Retype, word for word, every line of the records below starting at the one that contains "3 footballs cards" and ending at the one that contains "Фігурка Funko Pop"; include both of those lines and nothing more.
___ Materials provided
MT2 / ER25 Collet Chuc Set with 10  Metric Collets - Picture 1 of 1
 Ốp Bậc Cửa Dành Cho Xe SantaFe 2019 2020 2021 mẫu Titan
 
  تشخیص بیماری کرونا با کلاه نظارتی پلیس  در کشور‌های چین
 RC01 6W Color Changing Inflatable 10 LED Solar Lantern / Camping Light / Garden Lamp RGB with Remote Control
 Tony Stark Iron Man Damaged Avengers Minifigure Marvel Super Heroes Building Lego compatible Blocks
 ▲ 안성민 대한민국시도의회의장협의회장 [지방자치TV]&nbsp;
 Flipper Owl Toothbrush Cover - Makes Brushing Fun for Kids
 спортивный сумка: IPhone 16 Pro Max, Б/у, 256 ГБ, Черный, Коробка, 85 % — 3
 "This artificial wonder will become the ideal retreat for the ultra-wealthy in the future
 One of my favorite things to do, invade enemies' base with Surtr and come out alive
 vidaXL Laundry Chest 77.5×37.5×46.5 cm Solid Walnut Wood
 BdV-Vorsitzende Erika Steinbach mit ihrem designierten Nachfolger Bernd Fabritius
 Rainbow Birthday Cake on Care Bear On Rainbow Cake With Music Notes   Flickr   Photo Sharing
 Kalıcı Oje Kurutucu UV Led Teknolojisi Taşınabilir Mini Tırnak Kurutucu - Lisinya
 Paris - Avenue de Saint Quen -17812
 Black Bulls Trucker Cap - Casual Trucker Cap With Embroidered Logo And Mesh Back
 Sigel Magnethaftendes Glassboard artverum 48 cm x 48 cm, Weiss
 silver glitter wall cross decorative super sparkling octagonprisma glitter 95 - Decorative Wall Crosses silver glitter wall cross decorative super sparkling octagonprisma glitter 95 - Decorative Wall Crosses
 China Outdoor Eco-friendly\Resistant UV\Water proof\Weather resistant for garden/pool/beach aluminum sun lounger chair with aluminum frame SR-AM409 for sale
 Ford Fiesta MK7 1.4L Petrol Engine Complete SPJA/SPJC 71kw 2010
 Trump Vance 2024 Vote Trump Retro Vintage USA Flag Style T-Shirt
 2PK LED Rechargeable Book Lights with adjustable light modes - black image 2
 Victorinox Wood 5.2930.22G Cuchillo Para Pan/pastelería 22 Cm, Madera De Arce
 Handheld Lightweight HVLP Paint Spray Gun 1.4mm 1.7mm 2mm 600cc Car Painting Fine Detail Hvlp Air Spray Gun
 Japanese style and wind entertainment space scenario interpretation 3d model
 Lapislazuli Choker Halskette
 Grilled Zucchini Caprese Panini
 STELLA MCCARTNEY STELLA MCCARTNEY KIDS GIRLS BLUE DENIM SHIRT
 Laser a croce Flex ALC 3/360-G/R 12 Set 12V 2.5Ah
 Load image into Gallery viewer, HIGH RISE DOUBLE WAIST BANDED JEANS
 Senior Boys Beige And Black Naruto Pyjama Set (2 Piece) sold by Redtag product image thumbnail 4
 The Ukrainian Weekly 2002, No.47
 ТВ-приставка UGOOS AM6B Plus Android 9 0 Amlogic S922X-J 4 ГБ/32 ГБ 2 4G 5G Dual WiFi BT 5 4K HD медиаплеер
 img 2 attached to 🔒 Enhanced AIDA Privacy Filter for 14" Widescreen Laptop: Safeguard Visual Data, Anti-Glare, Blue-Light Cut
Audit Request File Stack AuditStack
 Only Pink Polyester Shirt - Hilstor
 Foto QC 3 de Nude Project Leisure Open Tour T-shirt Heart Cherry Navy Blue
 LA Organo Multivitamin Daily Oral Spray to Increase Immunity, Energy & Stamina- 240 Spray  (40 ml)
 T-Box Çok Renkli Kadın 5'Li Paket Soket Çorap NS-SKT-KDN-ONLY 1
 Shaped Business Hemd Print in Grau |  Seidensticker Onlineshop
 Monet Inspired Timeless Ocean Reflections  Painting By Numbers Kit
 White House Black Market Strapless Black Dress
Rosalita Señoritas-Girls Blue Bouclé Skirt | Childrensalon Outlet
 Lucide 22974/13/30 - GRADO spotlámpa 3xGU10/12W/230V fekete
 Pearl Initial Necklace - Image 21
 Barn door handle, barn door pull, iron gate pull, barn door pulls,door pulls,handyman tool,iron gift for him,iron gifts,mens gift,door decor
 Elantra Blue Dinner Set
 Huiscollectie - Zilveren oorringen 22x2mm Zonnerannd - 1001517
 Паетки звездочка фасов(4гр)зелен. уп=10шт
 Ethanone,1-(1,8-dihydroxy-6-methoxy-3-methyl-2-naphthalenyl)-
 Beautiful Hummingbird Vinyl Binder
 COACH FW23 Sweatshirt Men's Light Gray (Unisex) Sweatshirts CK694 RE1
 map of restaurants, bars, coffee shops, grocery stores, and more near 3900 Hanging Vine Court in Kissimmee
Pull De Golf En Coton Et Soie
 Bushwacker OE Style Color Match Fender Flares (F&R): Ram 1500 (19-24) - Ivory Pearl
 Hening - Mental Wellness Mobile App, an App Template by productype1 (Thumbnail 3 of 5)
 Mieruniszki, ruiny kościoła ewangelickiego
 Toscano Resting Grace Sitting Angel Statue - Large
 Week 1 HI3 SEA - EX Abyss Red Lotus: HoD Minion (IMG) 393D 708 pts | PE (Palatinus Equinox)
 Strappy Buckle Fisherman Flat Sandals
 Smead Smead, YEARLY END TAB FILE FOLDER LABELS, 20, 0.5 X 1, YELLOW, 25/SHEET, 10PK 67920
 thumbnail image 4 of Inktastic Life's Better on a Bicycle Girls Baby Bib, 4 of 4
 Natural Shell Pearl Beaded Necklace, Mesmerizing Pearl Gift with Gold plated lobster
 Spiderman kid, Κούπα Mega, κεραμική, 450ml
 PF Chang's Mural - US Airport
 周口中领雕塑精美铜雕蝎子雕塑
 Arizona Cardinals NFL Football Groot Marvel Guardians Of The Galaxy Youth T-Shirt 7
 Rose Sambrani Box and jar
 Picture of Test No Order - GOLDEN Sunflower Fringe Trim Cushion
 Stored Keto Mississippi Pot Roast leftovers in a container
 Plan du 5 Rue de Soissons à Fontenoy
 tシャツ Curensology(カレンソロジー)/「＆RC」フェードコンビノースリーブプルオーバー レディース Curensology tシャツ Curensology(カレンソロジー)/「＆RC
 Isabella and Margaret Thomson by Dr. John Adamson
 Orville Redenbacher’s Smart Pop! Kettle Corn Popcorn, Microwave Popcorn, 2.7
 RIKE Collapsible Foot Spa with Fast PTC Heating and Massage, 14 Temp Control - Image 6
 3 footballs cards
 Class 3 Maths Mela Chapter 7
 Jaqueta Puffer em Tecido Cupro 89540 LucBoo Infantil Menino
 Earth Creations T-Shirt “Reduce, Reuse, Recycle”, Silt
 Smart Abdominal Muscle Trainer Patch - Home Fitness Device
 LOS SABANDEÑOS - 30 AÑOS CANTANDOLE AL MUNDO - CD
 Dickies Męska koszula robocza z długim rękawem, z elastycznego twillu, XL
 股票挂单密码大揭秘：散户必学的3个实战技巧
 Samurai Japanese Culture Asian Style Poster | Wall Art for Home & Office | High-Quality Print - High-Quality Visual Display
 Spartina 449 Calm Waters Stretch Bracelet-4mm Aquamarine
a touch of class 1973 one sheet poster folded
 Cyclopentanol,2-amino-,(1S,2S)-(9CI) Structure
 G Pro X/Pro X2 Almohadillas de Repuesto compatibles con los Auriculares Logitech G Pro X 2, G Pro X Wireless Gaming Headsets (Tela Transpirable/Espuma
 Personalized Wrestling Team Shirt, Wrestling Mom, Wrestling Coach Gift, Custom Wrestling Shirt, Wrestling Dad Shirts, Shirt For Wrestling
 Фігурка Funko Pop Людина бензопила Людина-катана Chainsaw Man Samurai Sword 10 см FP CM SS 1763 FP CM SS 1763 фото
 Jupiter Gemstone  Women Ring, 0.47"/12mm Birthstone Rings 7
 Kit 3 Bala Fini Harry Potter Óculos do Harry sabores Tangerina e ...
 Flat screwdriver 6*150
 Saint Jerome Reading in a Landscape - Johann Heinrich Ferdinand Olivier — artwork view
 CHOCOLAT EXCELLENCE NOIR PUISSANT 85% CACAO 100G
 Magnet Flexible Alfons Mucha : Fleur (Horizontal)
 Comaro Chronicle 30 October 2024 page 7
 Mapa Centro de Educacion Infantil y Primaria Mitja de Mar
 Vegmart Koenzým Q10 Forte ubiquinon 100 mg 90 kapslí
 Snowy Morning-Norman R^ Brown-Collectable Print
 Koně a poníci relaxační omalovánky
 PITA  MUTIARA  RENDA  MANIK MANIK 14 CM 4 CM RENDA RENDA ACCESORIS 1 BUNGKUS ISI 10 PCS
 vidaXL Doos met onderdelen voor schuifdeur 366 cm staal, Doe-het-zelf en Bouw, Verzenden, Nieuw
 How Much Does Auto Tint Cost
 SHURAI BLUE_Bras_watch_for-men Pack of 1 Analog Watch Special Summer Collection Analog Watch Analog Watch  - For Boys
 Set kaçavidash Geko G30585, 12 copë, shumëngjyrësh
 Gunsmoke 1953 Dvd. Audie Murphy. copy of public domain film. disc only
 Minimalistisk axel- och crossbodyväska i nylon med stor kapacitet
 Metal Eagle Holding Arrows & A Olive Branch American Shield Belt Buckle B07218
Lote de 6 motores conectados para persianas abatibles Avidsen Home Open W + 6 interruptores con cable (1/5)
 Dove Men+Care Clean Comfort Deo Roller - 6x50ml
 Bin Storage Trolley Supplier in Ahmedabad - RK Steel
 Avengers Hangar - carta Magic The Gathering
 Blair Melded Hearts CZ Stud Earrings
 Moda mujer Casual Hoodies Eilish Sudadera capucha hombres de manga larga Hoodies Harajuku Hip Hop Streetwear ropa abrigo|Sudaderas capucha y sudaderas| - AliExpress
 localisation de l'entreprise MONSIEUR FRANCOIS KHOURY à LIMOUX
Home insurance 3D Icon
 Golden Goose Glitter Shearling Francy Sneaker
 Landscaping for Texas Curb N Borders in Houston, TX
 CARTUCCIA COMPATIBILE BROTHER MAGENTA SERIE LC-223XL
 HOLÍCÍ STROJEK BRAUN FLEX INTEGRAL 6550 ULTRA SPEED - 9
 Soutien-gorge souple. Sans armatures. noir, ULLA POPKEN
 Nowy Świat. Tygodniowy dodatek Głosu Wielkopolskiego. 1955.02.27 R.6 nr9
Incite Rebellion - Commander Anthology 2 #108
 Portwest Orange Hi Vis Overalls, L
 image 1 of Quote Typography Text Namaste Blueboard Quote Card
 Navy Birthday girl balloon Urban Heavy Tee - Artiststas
______
- [Exercise output]:
 3 footballs cards
 Class 3 Maths Mela Chapter 7
 Jaqueta Puffer em Tecido Cupro 89540 LucBoo Infantil Menino
 Earth Creations T-Shirt “Reduce, Reuse, Recycle”, Silt
 Smart Abdominal Muscle Trainer Patch - Home Fitness Device
 LOS SABANDEÑOS - 30 AÑOS CANTANDOLE AL MUNDO - CD
 Dickies Męska koszula robocza z długim rękawem, z elastycznego twillu, XL
 股票挂单密码大揭秘：散户必学的3个实战技巧
 Samurai Japanese Culture Asian Style Poster | Wall Art for Home & Office | High-Quality Print - High-Quality Visual Display
 Spartina 449 Calm Waters Stretch Bracelet-4mm Aquamarine
a touch of class 1973 one sheet poster folded
 Cyclopentanol,2-amino-,(1S,2S)-(9CI) Structure
 G Pro X/Pro X2 Almohadillas de Repuesto compatibles con los Auriculares Logitech G Pro X 2, G Pro X Wireless Gaming Headsets (Tela Transpirable/Espuma
 Personalized Wrestling Team Shirt, Wrestling Mom, Wrestling Coach Gift, Custom Wrestling Shirt, Wrestling Dad Shirts, Shirt For Wrestling
 Фігурка Funko Pop Людина бензопила Людина-катана Chainsaw Man Samurai Sword 10 см FP CM SS 1763 FP CM SS 1763 фото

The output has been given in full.